というか、もしかして響子は俺の名前を知りたくてこんな可愛げのないことを言い返してくるんだろうか。だとしたらそれは逆に可愛い。
俺の名前知りたいのに素直に聞けないとか、何だよそれ。可愛すぎかよ。
俺は自分の口角が上がるのを感じながら響子の頭の上に肘を置いて、人差し指で響子のほっぺを突く。もちもちして柔らかい、女の肌だ。
「何、俺の名前知りたかったの?早く言ってくれれば良かったのに。素直じゃねーな」
そう言うと間髪を入れずに言い返してきた。
「別に興味ないです」
響子は俺の手を払い除けてフン、とそっぽを向きながらレジへ向かう。ほんと、素直じゃねーな。

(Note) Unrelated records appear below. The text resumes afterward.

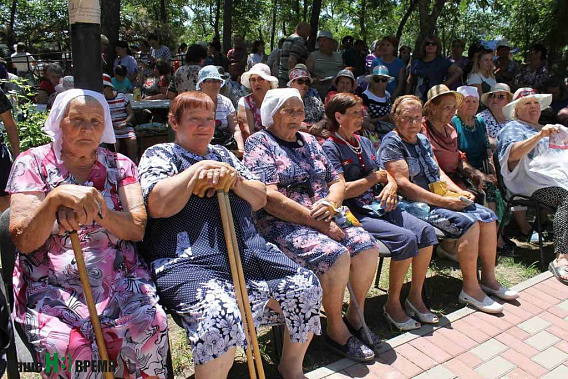 Ветераны животноводства (слева направо) Мария Петровна АЖОГИНА, Раиса Ивановна ЛИСТОПАДОВА, Александра Петровна ДАНИЛОВА, Юлию Михайловна ДАНИЛОВА, Нина Алексеевна КРАВЦОВА и председатель совета ветеранов Эмма Степановна КИЧКОВА.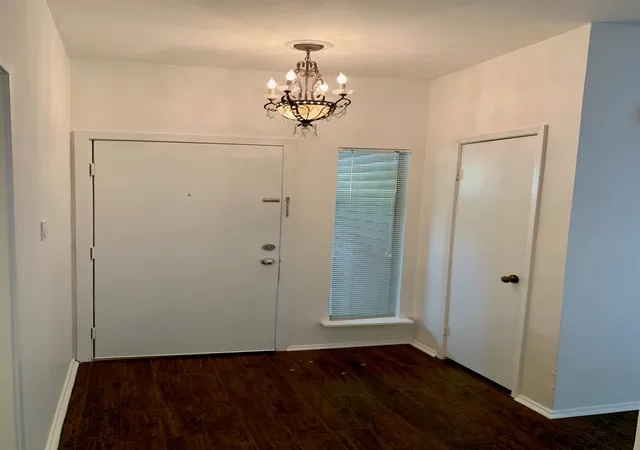 3rd image of 2025 Augusta Dr, Houston, TX 77057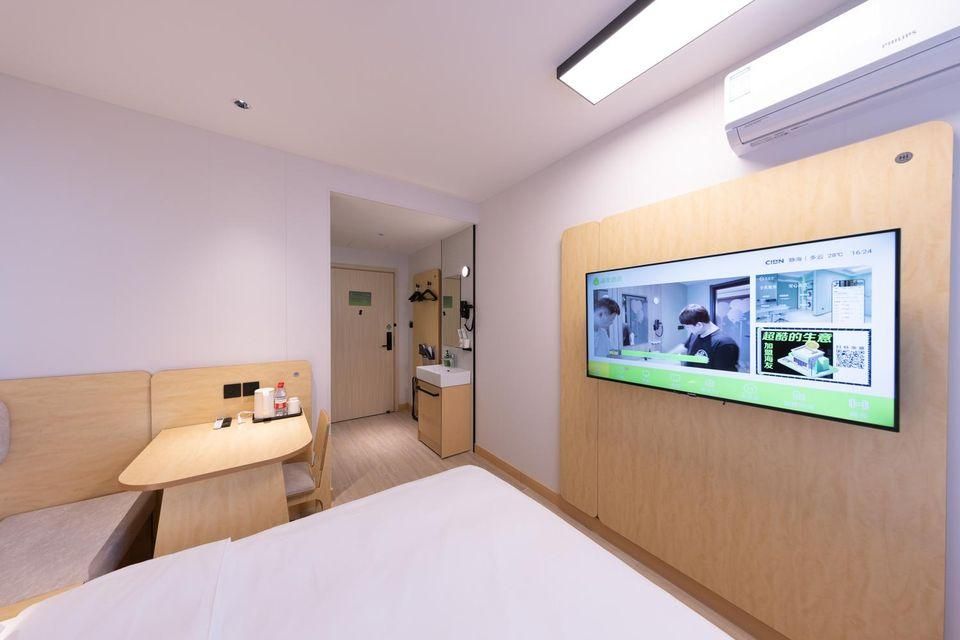 Feature Queen Room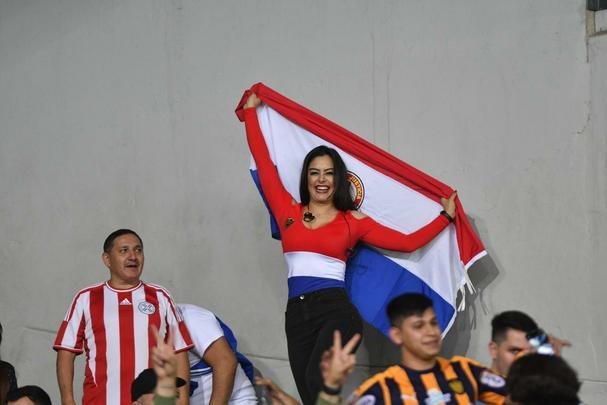Larissa Riquelme manteve tradio de colocar celular entre os seios, foi calorosa com torcedores e apoiou Paraguai de forma efusiva no Mineiro
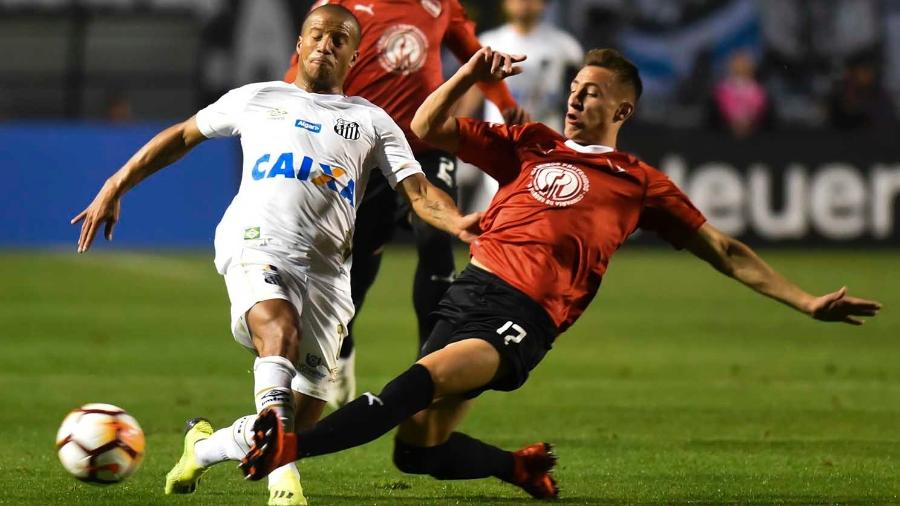 Santos vence na Vila Belmiro e abre vantagem contra o Independiente - 15/07/2021 - UOL Esporte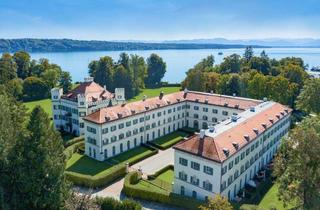 Wohnung kaufen in 82343 Pöcking, Traumhafte Wohnung im Schloss Possenhofen. Mit eigenem Seegrundstück.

俺は響子の後ろに立って、響子の目の前で懐から取り出した名刺をちらつかせた。
「ほい、これが俺の名前」
俺がそう言うと、響子はキョトンとした目で俺を見る。また上目づかいだ。しかもさっきみたいなツンツンした表情じゃなくて、少しあどけない表情がそそる。ドS心をどれだけ擽れば気が済むんだろうか。
響子は距離の近さに驚いたのか、さり気なく2、3歩後退しながら俺の名刺を見る。
「万事屋、坂田銀時…」
「そ。銀時だから銀さんってわけ」
「そうだったんですか」
響子はさして興味なさげに返事をした後でまた俺を見上げてきた。3回目。いや、ね。目算で20㎝近く身長離れてるから仕方が無いとは言えさ、そんだけ上目遣いされたらね、うん。何というか、ヤバい。俺の股間が上向きになりそうになるのを必死に堪えながら鼻をほじる。無心になれ、俺。落ち着くんだ。
響子は俺が鼻をほじってるのをみると顔を顰めた。
顰めた顔すら可愛く見えるとか、俺ヤバくね?重傷だろ。
「名刺、どうすれば良いですか?」
それでこの質問だろ?そんなん素直に懐に入れときゃ良いのに、貰うのは気が引けるって顔してる。
「あ?んなもん貰っときゃいんだよ」
「別に要らないんですけど」
憎まれ口を叩きながらも響子は懐に名刺をしまっていた。ツンデレかよ。あー、ダメだ。いちいち可愛い。
「響ちゃんってさー、ツンデレだろ」
響ちゃんと読んでみると、響子はピクリと一瞬だけ動きを止めた。よく見るとその耳は少し赤い。
もしかして、響ちゃんって呼ばれて照れてんの?え、何それ。可愛すぎだろ。ん?俺さっきから可愛い言い過ぎじゃね?でも、うん。響ちゃんが可愛すぎるのがいけねーわ。
「響ちゃんとか馴れ馴れしいです。止めてください」
響ちゃんは提示された金額を手渡し、ビニール袋に入れて貰った雑誌を受け取ると、さっさと立ち去ろうとする。俺は背中を向ける響ちゃんに店員にジャンプを渡しながら声を掛ける。
「いや、だって俺響ちゃんの苗字知らねーし」
響ちゃんは不本意そうな顔をしながら振り返った。
「清水響子です」
「へー。響ちゃんの苗字、清水だったんだな」
苗字を知ったからって苗字で呼ぶとは言ってねーけど。そう思いながら響ちゃん、と強調しながら言うと、響ちゃんはムスッと頬を膨らました。
「坂田さんの意地悪!嫌いです!!」
ぷんぷんと怒りながら大江戸マートから立ち去って行く響ちゃんの後ろ姿を見ながら俺は呟いた。
「意地悪とか、反則だろ…」
響ちゃんは恐ろしい。どこまでツンデレなんだ。
俺は店員にジャンプの金を払いながら頭の中で響ちゃんをどうやって弄るか考える。無意識な上目遣いに怒った顔、照れた顔。泣いた顔とか、でもやっぱり笑った顔が見てみてーな。
結局ジャンプは金が足りなくて買えなかったけど、俺は気分良く万事屋に帰った。新八にゴミを見るような目で見られても、神楽にゴキブリを見たときのような表情をされても全く気にならないくらい俺は気分が良かった。
どうやって響ちゃんを苛めてやろーかな。